The North Carolina State Ports Authority is an authority set up by the state of North Carolina to develop and operate seaports in Wilmington and Morehead City  as well as an inland port located in Charlotte.

History
In 1923 North Carolina Governor Cameron Morrison became interested in establishing official port facilities for the state and pushed for the creation of the State Ship and Water Transportation Commission to study the matter. The body produced a report which recommended that the state government fund the development of port facilities. The following year it was replaced by the Ports Commission, which was supposed to oversee the work.
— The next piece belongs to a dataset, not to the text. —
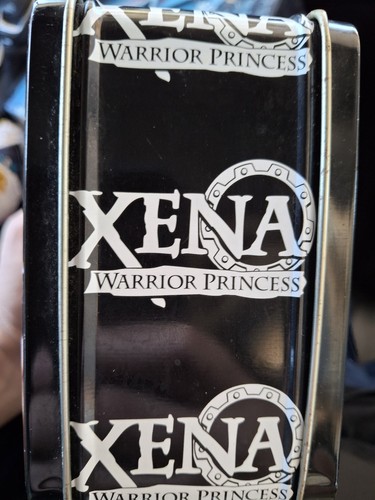 XENA Warrior Princess Blech Metall Brotdose Vintage 1997 Universal Studios sauber - Bild 3 von 5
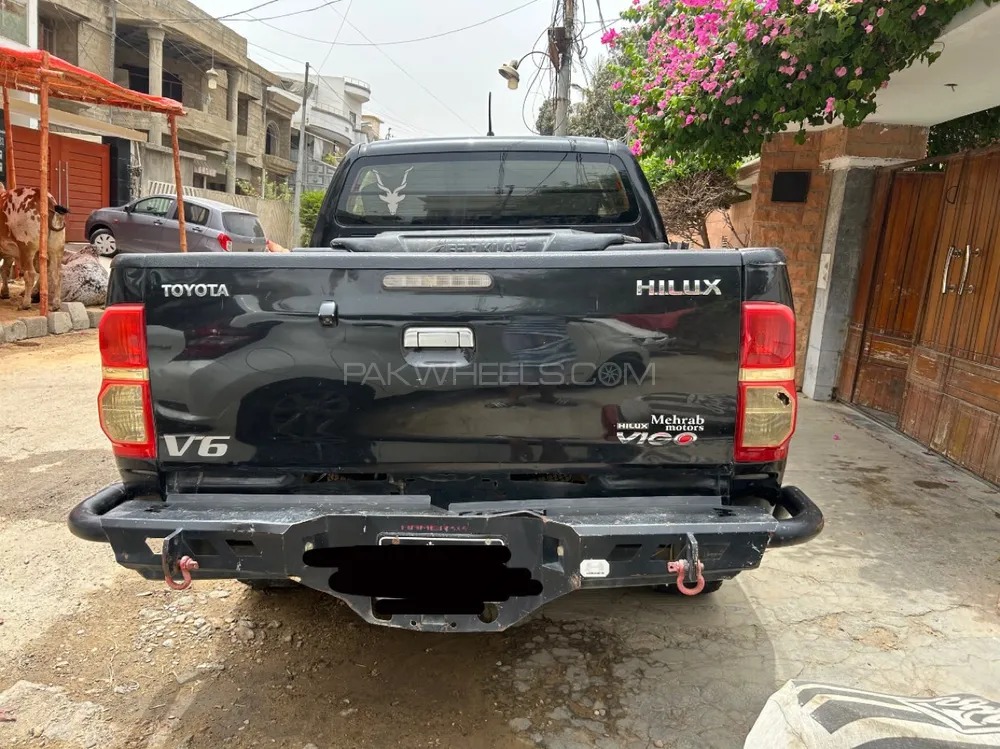 Toyota Hilux 2013 for Sale in Karachi Image-1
A statewide bond referendum for $8.7 million to develop the facilities failed to pass in November 1924, and the commission disbanded. Despite this, the coastal cities of Wilmington and Morehead City pursued their efforts to improve port facilities, and the North Carolina General Assembly incorporated the Morehead City Port Commission in 1933 and the Wilmington Port Commission in 1935.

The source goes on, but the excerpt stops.